Paula Cooper Gallery is pleased to present Bathers, a group exhibition exploring the motif of the bather across eighty years of painting, drawing, photography, and collage. On view at the gallery’s Palm Beach location, the selected works expand on the dynamic possibilities of the genre articulated in the paintings of Cecily Brown, for whom the bather is a rich and compelling subject. Artists in the exhibition include: Milton Avery, Jennifer Bartlett, Cecily Brown, Deborah Brown, Paul Cadmus, Sarah Charlesworth, Jean Conner, Robert Colescott, Eric Fischl, David Hockney, Cheyenne Julien, Alex Katz, Sherrie Levine, Christian Marclay, Sigmar Polke, Laurie Simmons and Bob Thompson.
Both ephemeral and corporeal, Cecily Brown’s impassioned and expressive bather paintings exemplify the pleasurable and celebratory ethos of post-impressionist bodies in nature. The aptly titled Palm Beach Blues (2023), one of two new bather paintings in the exhibition, includes a nude seen from behind in the moment of undressing, a recurrent theme for Brown. Three watercolors by Robert Colescott consider the motif’s potential to anchor the political in the poetic––while discussing his Bather series, Colescott described the works as statements on “competing standards of beauty, and also about the intrusion of the white world on a black world.” Set in a fictional Eden filled with interracial encounters, the mysterious Gift of the Sea (1984), depicts a group of black and brown women surrounding an unconscious white woman who has washed ashore.
Alex Katz and Eric Fischl are drawn to pools, oceans and lakeside views where their subjects relax, undress, and appear at ease. Both artists have captured the informal human sociability that takes place on the beach, where bodies are thrown into relief against sunlit sea and sky. Christy (2015) is one of a number of paintings by Katz of fashion model Christy Turlington. Sporting a modest black bathing suit and posed with her hands behind her head, Christy’s easy confidence mirrors the immediacy of Katz’s conversational painting style. In Eric Fischl’s The Lesson (Mostly Forgotten) (2018) the artist employs dramatic beach lighting to vividly render naked flesh in a rich variety of tones. Fischl’s evocative title works with his arresting intergenerational figures to hint at an enigmatic beach day of distant memory. Paintings by Cheyenne Julien portray intimate scenes and relationships from the artist’s life in New York City.
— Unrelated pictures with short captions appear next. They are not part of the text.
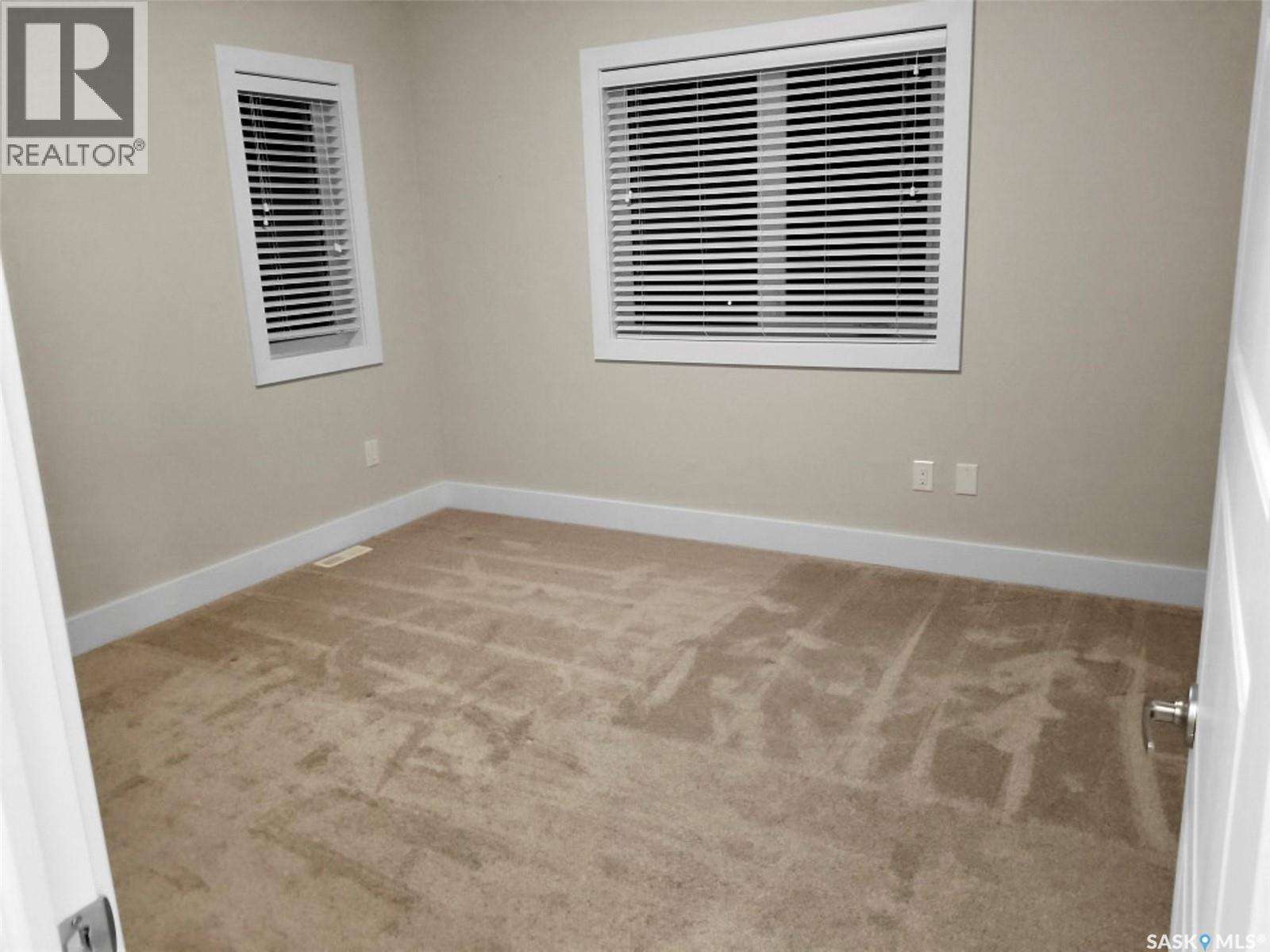 1-4 316 3Rd Street W, Delisle, SK - Indoor Photo Showing Other Room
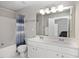 Bright bathroom with double sinks, white vanity, and shower-tub combination with curtain at 5044 Brooke Lauren Ln, Raleigh, NC 27616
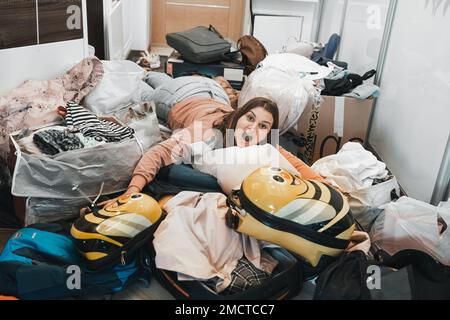 Difficile preparazione al viaggio in famiglia. Spostamento, imballaggio disimballaggio di molte cose, vestiti, valigie, bagaglio a casa in appartamento. Molti pacchetti, bags.M Foto Stock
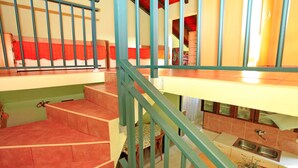 Un interior con varios niveles, una escalera, una zona de cocina y un espacio para comer.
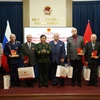 At the meeting in Moscow to honour Russian veterans' contributions to the struggle for Vietnam's independence and reunification. (Photo: VNA)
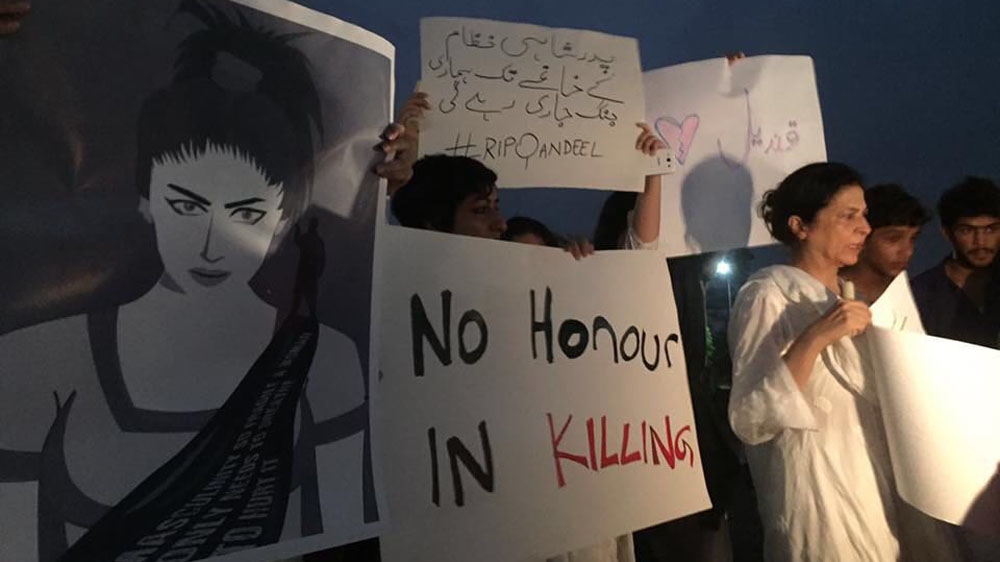 
'No honour in killing', read one of the placards at the Lahore vigil for Qandeel Baloch [Alia Chughtai/Al Jazeera]

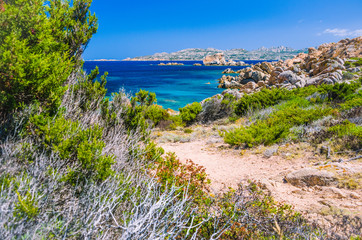 Fototapeta na wymiar Pure clear azure sea water and amazing rocks on coast of Maddalena island, Sardinia, Italy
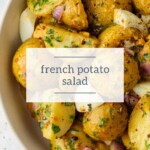 A bowl of French potato salad with chopped herbs and onions, seasoned with pepper, offers a savory contrast to the rich sweetness of chocolate buttercream frosting.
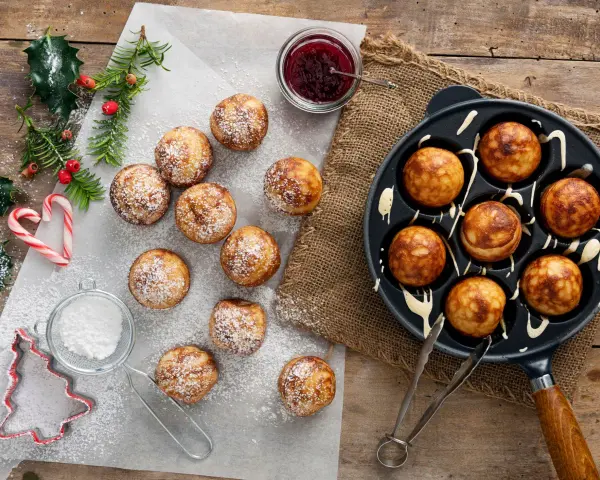 Frittelle dolci in padella, spolverate di zucchero a velo, pronte per essere gustate con marmellata.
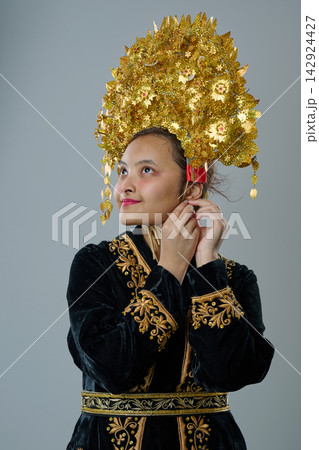 Young Indonesian Asian Woman Wearing Ornate Gold Traditional Headdress And Embroidered Velvet Costume Portrait Young Indonesian Asian Woman Wearing Ornate Gold Traditional Headdress And Embroidered Velvet Costume Portrait 142924427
In a new painting made especially for this exhibition, Julien depicts two bathers enjoying a beach day at Coney Island, awash in rosy a golden-hour glow.
The California-born Jennifer Bartlett was a devoted bather, and aquatic themes frequently permeate her work. Six A.M. (1991-92) is from AIR: 24 Hours, a series of twenty-four paintings marking each hour in the day. The series documents the passage of time, depicting intimate scenes from the artist’s daily life. In Six A.M. a showerhead, faucet, and soap-stand float on an atmospheric pink and blue grid of porcelain bathroom tiles, registering the specific iconography of an early-morning bathing ritual. An abstracted bather is the subject of Sarah Charlesworth’s White T-Shirt (1983), excised from a magazine and re-photographed against a black background. Charlesworth exposes the viewer’s desire for the toned torso outlined by clinging wet fabric by isolating the body from its original context.
Despite the titillating voyeurism and joyful naturalism of outdoor bathers, the ubiquity of running water and policing of public space encouraged artists to retreat indoors and embrace bathing as a private ritual, as with Sigmar Polke’s curiously captivating Untitled (Frau in Badewanne) (c. 1963). Pierre Bonnard’s Nude in the Bathtub (1925) is depicted from the perspective of the bather, their legs elongated in a deep porcelain tub in a domestic interior. Challenging ideas of originality and authorship, Sherrie Levine framed and presented multiple postcards depicting Bonnard’s painting, underlining the motif of the bather as popular and picturesque object of contemporary cultural discourse.
[1] Robert Colescott in Lowery Stokes Sims, “Colescott in the 1980s and ‘90s: Stranger in a Strange Land,” in Art and Race Matters: The Career of Robert Colescott, exh. cat. (Cincinnati: Contemporary Arts Center, 2019), p. 95.